▸ **What you should do**
Leaving the pictures aside, transcribe the data below exactly.
━━━ Given information ━━━
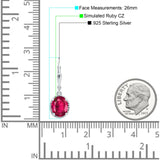 Oval Drop Dangle Leverback Earring Ruby CZ Solid 925 Sterling Silver Wholesale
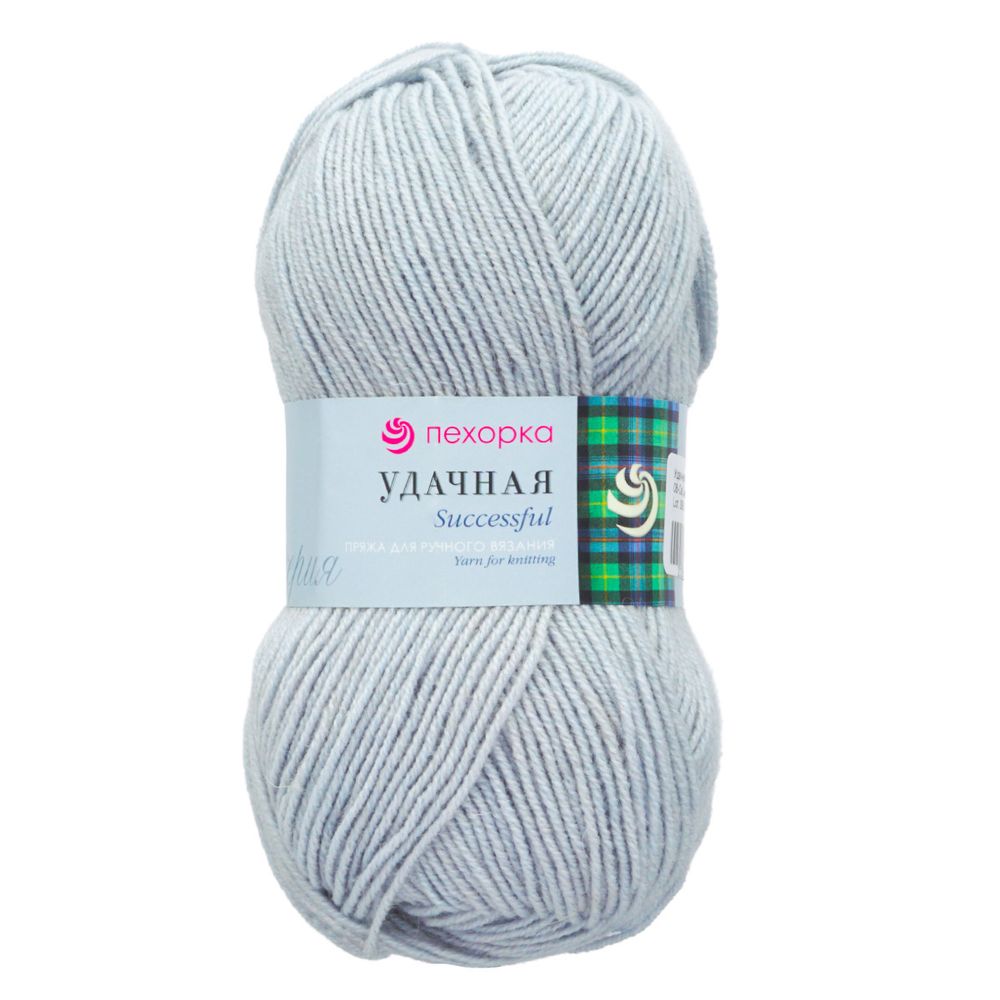 Пряжа Пехорка Удачная / уп.5 мот. по 100 г, 250 м, 08 св. серый
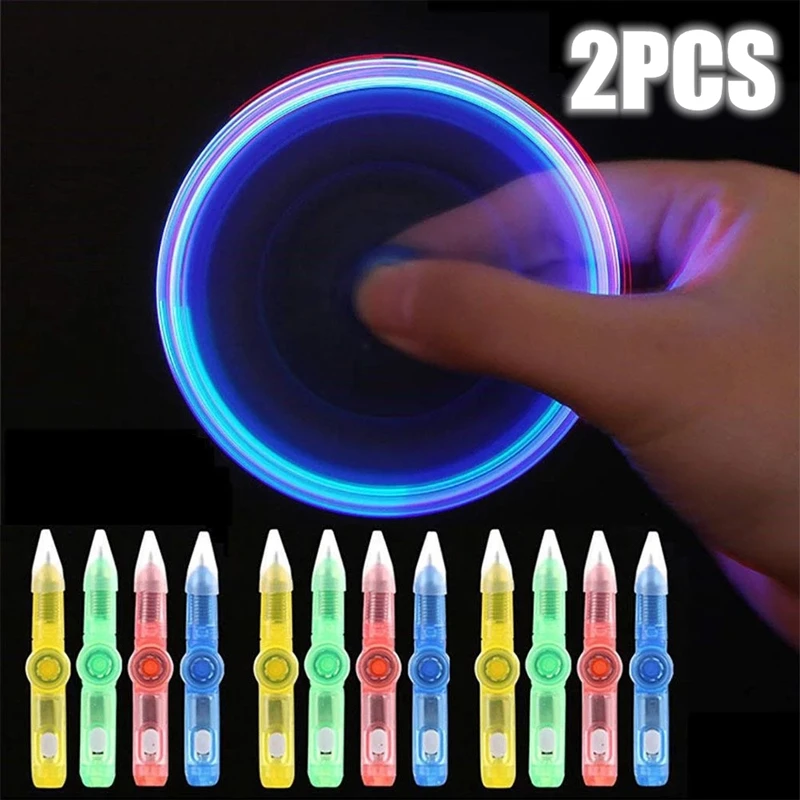Cool Rotating LED Flash Gel Pen with Light Students Fashion 0.5mm Gaming Spinning Pen Ballpoint Pen with Battery Kids Funny Gift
━━━
▸ **Exercise output**
 Oval Drop Dangle Leverback Earring Ruby CZ Solid 925 Sterling Silver Wholesale
 Пряжа Пехорка Удачная / уп.5 мот. по 100 г, 250 м, 08 св. серый
Cool Rotating LED Flash Gel Pen with Light Students Fashion 0.5mm Gaming Spinning Pen Ballpoint Pen with Battery Kids Funny Gift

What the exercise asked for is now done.